Русская политическая полиция слишком часто принимала разговоры за готовность к действию.
Между тем Алексей Петрович искренне пытался стать частным человеком, понимая, что кончилось время «подвига», но не подозревая, что наступило время легенды.
1
Теперь он был еще более беззащитен, чем во времена своей молодости, после освобождения из ссылки. Тогда был Казадаев, тогда он отнюдь не был предметом зависти и ненависти. И вообще времена были гуманные.
За прошедшие четверть века он сделал слишком много для того, чтобы стать беззащитной мишенью. Он слишком высоко взлетел. Он слишком явно демонстрировал свое превосходство и свое презрение к придворному генералитету. Его планы были слишком грандиозны, чтобы не вызвать злого раздражения у тех, кто довольствовался банальной карьерой. Он пожинал плоды своей особости, своего необъятного честолюбия…
Он писал Закревскому: «Я 15-го числа прошедшего июня приехал в деревню к отцу моему, которому придало силы мое присутствие. Старик с неописанным великодушием принял детей моих и называет их сиротами. Я живу весьма покойно и сия жизнь кажется мне не без приятностей. Давно нужно было мне отдохновение, к которому впрочем мог я перейти и не таким образом, но, почтеннейший друг, чиста у меня совесть и не оставит судьба без наказания врагов моих, оклеветавших меня перед государем. Что делали со мной в Грузии! Какой гнусный ябедник Паскевич, непостижимо!» Воспоминания терзали его: «Больно, достигнув звания моего, службою довольно продолжительною и довольно усердною, быть неизвестным до такой степени, что принимались против меня самые гнусные доносы ».

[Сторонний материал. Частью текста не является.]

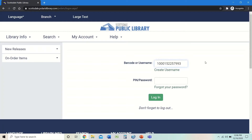You might have changed your library card number to a username to make it easier for you, and that is something you can definitely do. You'll also need your PIN or your password. If you don't know what your PIN or password is, you can contact us at the Ask a Librarian feature on our website, or you can call us at 480-312-7323. When I say PIN or password, I mean those terms interchangeably. So let's go ahead and log in.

Однако надо было готовиться к новой жизни.
6 августа, приехав в Орел, он писал Кикину: «Давно расстался я со многими мечтами и ближайшее рассуждение о них обуздывает прежних лет молодые страсти. Первого злодея — честолюбие, гоню из обиталища моего ». И через несколько фраз: «Здесь я иностранец, вышедший на берега африканские. Как все пусто, как дико!»
Мир, в котором он теперь очутился, отличался от его мира не географически и не социально. Это был мир, в котором не было места его мечтам, не было места «подвигу». Пустой мир.
Его утешали только сыновья и книги, собранные в Заграничных походах.
Щедрость императора дала ему возможность заняться образованием детей, не прибегая к милостям Закревского.
Чтобы избавиться от неопределенности своего положения, он подал в отставку. И получил ее буквально через два дня после получения Дибичем его прошения.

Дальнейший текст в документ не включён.